_EXERCISE_:
The material below has pictures in it. Set down only the lines from the line containing "HP - Impresora" through the line containing "Ostatní perkuse Pearl", word for word, and leave the pictures behind.

_DATA LISTING_:
⁂

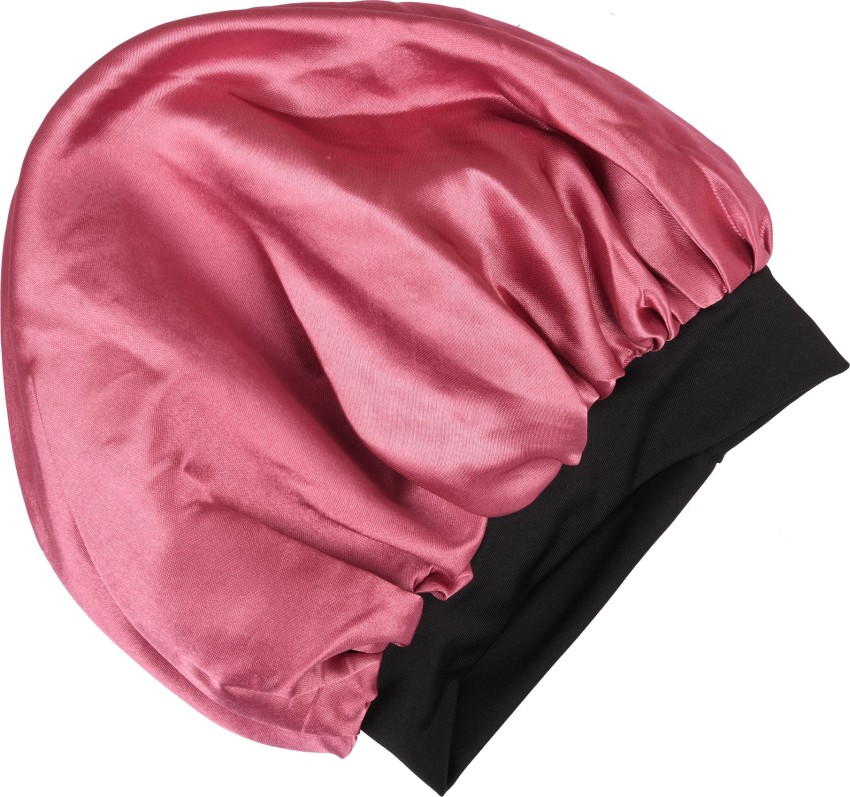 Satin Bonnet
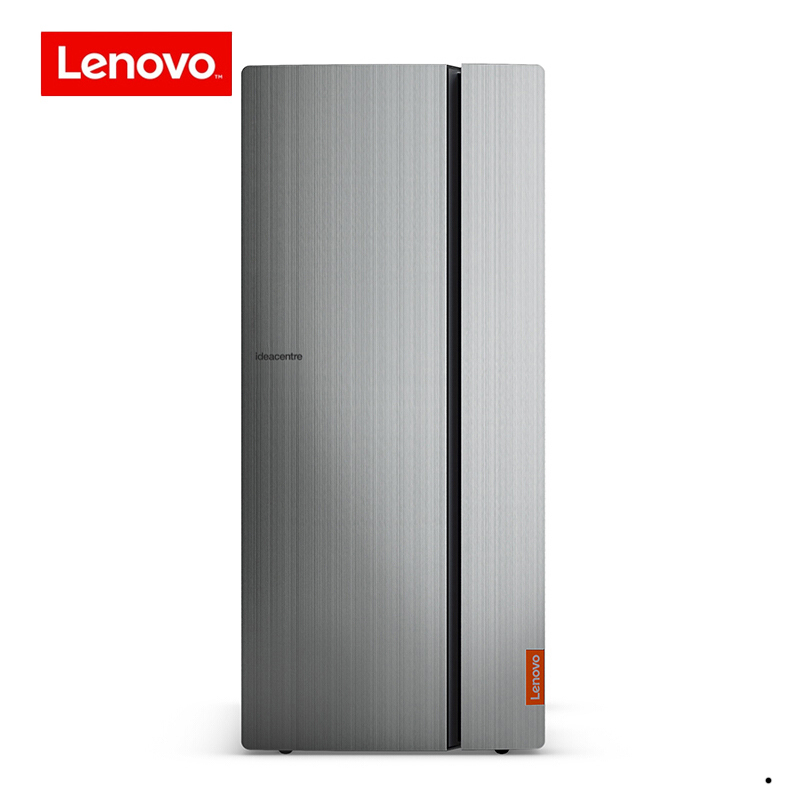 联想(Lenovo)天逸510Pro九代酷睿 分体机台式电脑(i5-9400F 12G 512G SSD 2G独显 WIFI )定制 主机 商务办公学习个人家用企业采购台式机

⁂

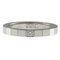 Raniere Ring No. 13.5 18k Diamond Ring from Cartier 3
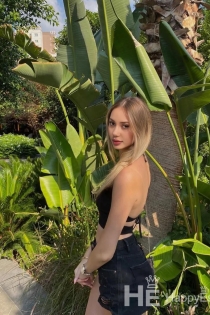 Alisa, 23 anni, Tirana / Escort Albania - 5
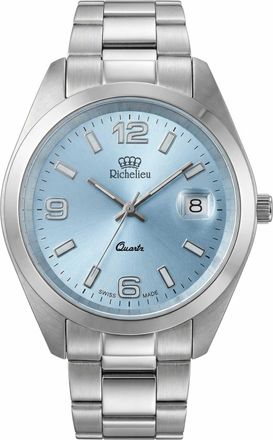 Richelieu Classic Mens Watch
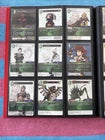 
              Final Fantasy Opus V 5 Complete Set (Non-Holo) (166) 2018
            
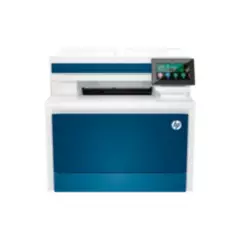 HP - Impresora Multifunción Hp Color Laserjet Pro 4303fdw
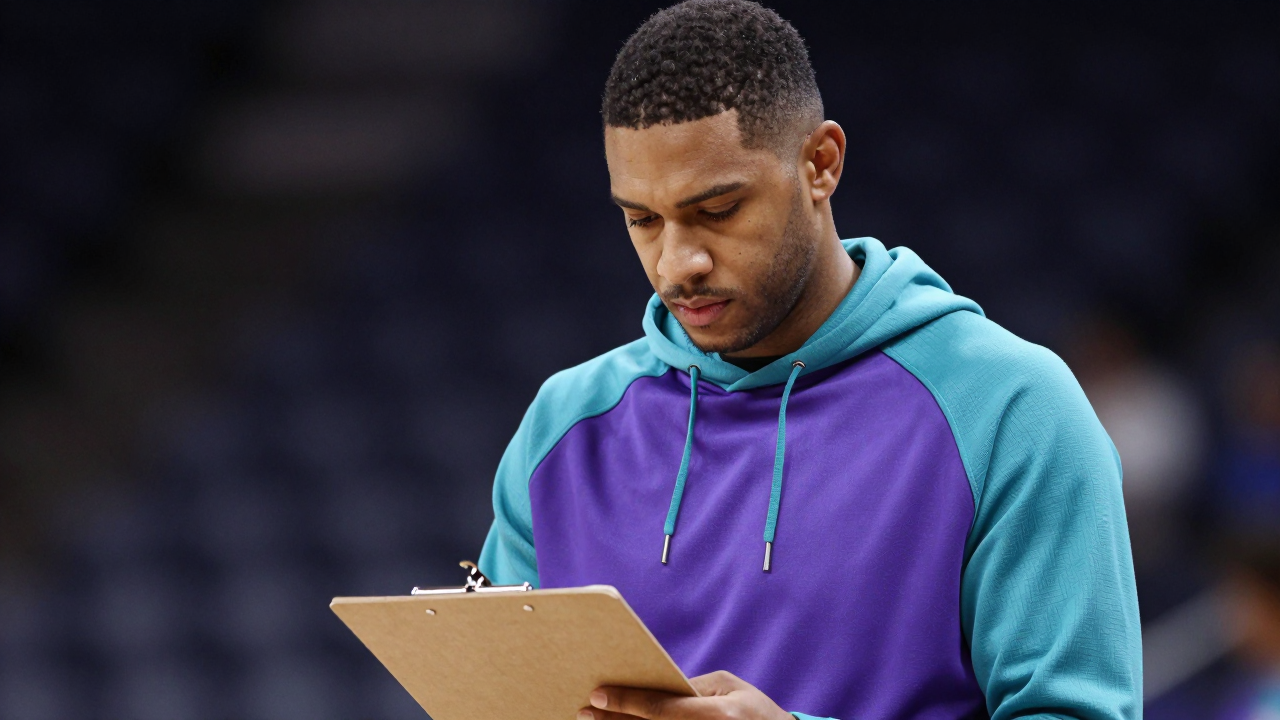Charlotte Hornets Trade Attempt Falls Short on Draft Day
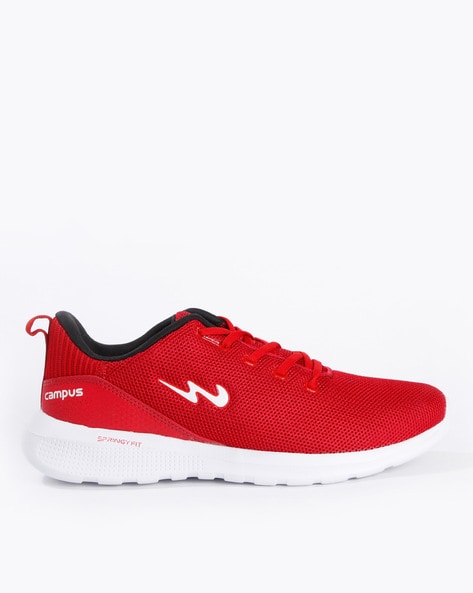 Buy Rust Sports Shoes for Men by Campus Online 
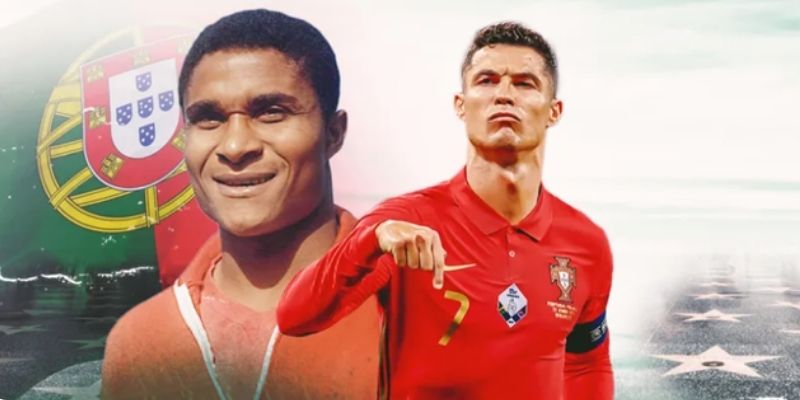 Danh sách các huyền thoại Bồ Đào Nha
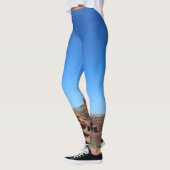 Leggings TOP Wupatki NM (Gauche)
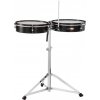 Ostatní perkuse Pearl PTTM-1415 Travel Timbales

⁂

_ANSWER BOX_:
 HP - Impresora Multifunción Hp Color Laserjet Pro 4303fdw
Charlotte Hornets Trade Attempt Falls Short on Draft Day
 Buy Rust Sports Shoes for Men by Campus Online 
 Danh sách các huyền thoại Bồ Đào Nha
 Leggings TOP Wupatki NM (Gauche)
 Ostatní perkuse Pearl PTTM-1415 Travel Timbales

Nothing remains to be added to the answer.